*DATASET CONTENT:*
◆ ◆ ◆ ◆ ◆
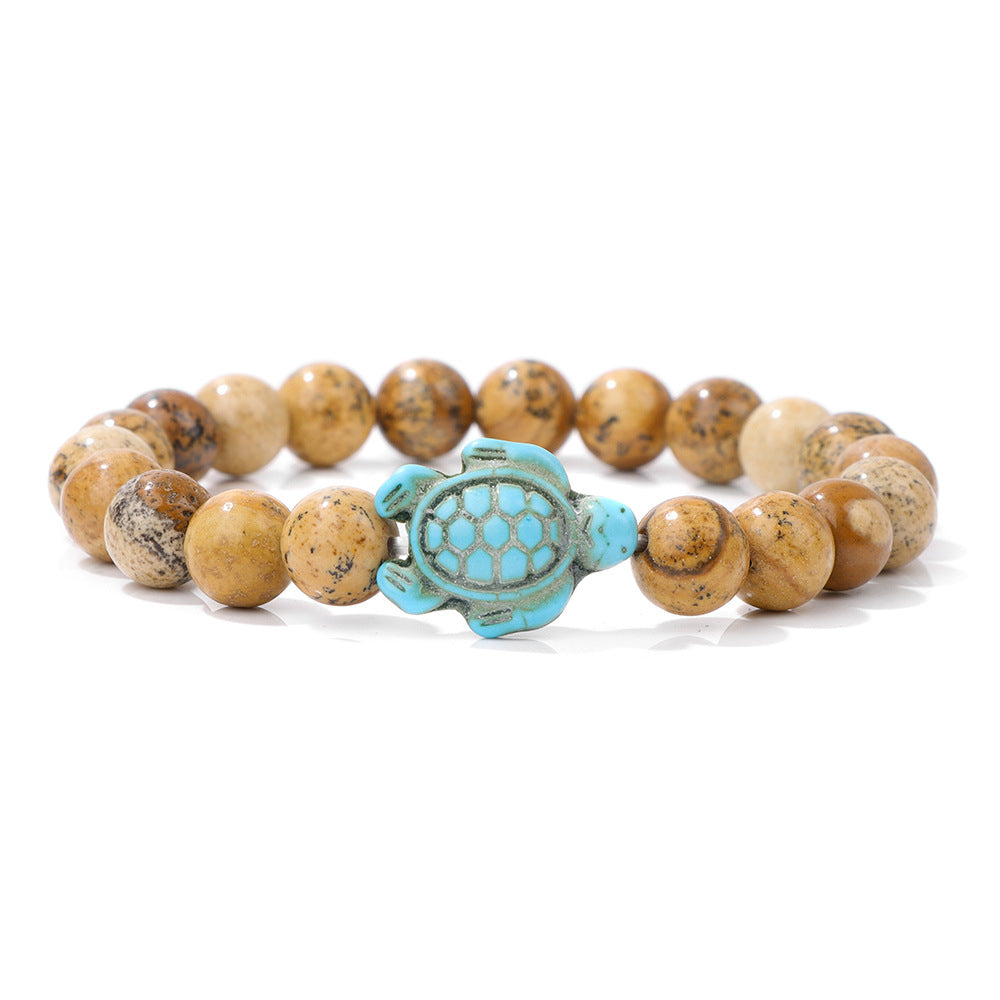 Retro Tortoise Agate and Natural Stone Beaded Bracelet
◆ ◆ ◆ ◆ ◆
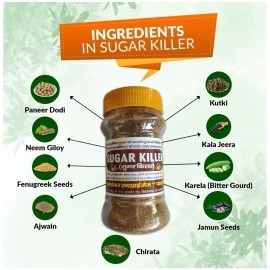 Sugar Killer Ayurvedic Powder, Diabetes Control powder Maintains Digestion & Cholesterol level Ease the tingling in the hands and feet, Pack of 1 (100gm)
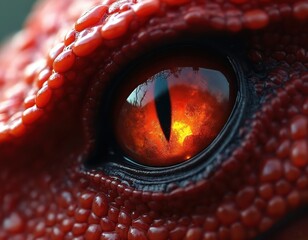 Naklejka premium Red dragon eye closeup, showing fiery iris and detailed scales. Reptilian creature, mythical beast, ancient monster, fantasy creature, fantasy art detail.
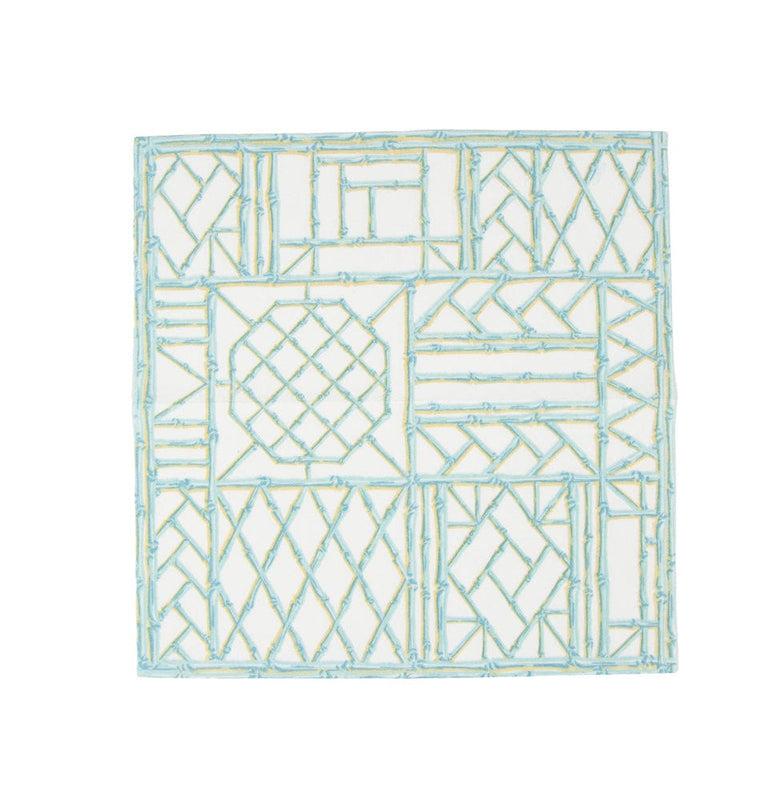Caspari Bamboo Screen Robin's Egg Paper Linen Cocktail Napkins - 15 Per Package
◆ ◆ ◆ ◆ ◆
*TASK BRIEF:*
Reproduce word for word, with pictures dropped, only the part of the material above that opens with the line containing "Sugar Killer Ayurvedic" and closes with the line containing "Caspari Bamboo Screen".

*TASK RESULT:*
 Sugar Killer Ayurvedic Powder, Diabetes Control powder Maintains Digestion & Cholesterol level Ease the tingling in the hands and feet, Pack of 1 (100gm)
 Naklejka premium Red dragon eye closeup, showing fiery iris and detailed scales. Reptilian creature, mythical beast, ancient monster, fantasy creature, fantasy art detail.
Caspari Bamboo Screen Robin's Egg Paper Linen Cocktail Napkins - 15 Per Package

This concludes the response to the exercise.